PROBLEM STATEMENT | Consider the entries given below. Count the lines that include "Fuel" and give only the count.

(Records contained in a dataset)
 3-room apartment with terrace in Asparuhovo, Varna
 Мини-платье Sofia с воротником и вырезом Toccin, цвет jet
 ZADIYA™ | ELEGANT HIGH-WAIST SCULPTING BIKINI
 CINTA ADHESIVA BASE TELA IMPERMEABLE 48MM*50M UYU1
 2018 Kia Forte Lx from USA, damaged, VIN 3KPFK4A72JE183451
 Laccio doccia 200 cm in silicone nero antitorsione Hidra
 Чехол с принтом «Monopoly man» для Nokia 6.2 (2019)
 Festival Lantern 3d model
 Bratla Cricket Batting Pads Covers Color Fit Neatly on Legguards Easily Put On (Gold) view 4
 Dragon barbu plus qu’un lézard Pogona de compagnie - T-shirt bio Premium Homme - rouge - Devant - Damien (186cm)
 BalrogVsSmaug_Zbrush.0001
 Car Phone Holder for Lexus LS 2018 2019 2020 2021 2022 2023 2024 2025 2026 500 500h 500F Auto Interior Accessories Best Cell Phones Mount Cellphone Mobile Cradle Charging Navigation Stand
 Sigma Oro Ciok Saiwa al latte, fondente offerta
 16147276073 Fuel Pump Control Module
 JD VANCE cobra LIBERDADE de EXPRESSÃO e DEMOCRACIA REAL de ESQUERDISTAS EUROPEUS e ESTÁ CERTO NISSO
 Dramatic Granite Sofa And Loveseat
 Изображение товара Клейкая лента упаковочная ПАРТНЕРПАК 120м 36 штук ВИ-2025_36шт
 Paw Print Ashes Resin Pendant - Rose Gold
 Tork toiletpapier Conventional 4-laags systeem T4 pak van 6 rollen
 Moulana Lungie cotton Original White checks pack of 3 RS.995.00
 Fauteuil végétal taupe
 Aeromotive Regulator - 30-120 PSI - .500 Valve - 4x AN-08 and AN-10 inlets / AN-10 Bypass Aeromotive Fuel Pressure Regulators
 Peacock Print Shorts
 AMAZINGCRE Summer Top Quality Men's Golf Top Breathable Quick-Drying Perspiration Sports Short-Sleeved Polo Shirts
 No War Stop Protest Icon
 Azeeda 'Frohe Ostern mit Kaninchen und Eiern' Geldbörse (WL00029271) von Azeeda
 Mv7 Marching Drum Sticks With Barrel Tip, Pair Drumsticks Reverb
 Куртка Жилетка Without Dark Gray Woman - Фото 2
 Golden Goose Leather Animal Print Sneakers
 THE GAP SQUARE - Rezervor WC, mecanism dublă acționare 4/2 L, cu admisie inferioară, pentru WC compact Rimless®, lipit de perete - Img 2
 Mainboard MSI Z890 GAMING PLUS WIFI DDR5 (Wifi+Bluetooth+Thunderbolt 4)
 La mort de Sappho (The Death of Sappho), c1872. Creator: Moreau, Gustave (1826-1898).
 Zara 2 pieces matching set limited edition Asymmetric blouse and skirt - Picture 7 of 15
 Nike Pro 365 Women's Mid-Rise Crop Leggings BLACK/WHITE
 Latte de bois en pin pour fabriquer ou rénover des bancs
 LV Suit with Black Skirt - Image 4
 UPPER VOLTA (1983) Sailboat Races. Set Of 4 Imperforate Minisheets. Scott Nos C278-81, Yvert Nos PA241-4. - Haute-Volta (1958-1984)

RESULT OF THIS EXERCISE | 2